Given records: Begin

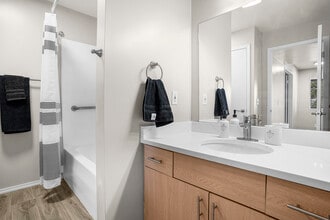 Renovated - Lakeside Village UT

Given records: End
Given records: Begin

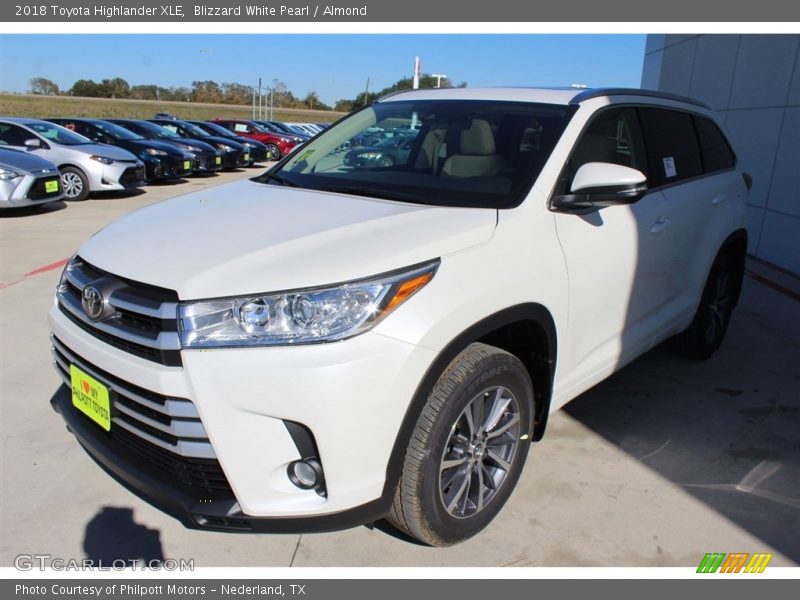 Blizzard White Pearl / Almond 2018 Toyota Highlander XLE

Given records: End
Given records: Begin

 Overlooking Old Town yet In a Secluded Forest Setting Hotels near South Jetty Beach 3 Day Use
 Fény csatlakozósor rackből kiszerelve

Given records: End

Assignment:
Print the lines above from the one with "Overlooking Old Town" through the one with "Fény csatlakozósor rackből kiszerelve", both included, exactly as written and nothing more.

Worked solution:
 Overlooking Old Town yet In a Secluded Forest Setting Hotels near South Jetty Beach 3 Day Use
 Fény csatlakozósor rackből kiszerelve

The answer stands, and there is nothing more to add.